To summarize the situation briefly, this graphic is from Prof. Anderson’s preface to his book:8
Further excerpts from the preface of The Dirty War On Syria:
… The British-Australian journalist Philip Knightley pointed out that war propaganda typically involves ‘a depressingly predictable pattern’ of demonising the enemy leader, then demonising the enemy people through atrocity stories, real or imagined (Knightley 2001). Accordingly, a mild-mannered eye doctor called Bashar al Assad became the ‘new evil’ in the world and, according to consistent western media reports, the Syrian Army did nothing but kill civilians for more than four years. To this day, many imagine the Syrian conflict is a ‘civil war’, a ‘popular revolt’ or some sort of internal sectarian conflict. …
… After the demonisation of Syrian leader Bashar al Assad began, a virtual information blockade was constructed against anything which might undermine the wartime storyline. Very few sensible western perspectives on Syria emerged after 2011, as critical voices were effectively blacklisted…

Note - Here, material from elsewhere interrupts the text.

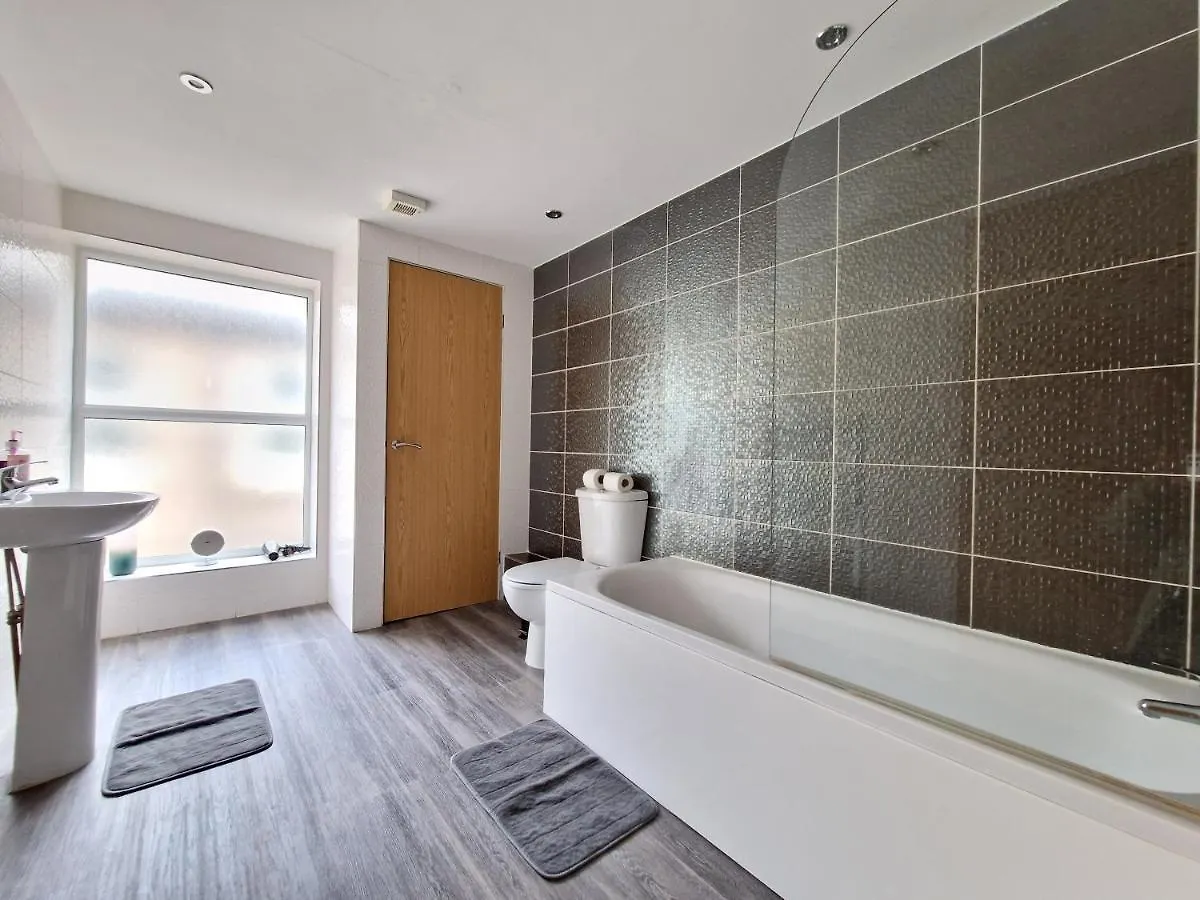 Dysa Promenade Apartments Blackpool 0*,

Excerpts from chapter five of The Dirty War On Syria:
Bashar al Assad and Political Reform:
President Hafez al Assad [father of the current president, Bashar al Assad] had brought three decades of internal stability to Syria, after the turmoil of the 1960s. … There were substantial improvements in education and health, including universal vaccination and improved literacy for women. Between 1970 and 2010 infant mortality fell from 132 to 14 (per 1,000), while maternal mortality fell from 482 to 45 (per 100,000). … (Sen, Al- Faisal and Al-Saleh 2012: 196)9 Electricity supply to rural areas rose from 2% in 1963 to 95% in 1992 (Hinnebusch 2012: 2) Traditions of social pluralism combined with advances in education drove the human development of the country well ahead of many of the more wealthy states in the region.
Nevertheless, … the system built by Hafez al Assad … also remained an authoritarian one-party system …. U.S. intelligence observed that the crushing of the Muslim Brotherhood’s insurrections in the early 1980s was welcomed by most Syrians. (DIA 1982, vii) Yet, after that …‘The feared Syrian secret police’ were ever vigilant for Zionist spies and new Muslim Brotherhood conspiracies, but this meant they also harassed a wider range of government critics. (Seale 1988: 335) … On top of this, there was resentment at the corruption built on cronyism through Ba’ath Party networks. Bashar faced all this when he came to the top job.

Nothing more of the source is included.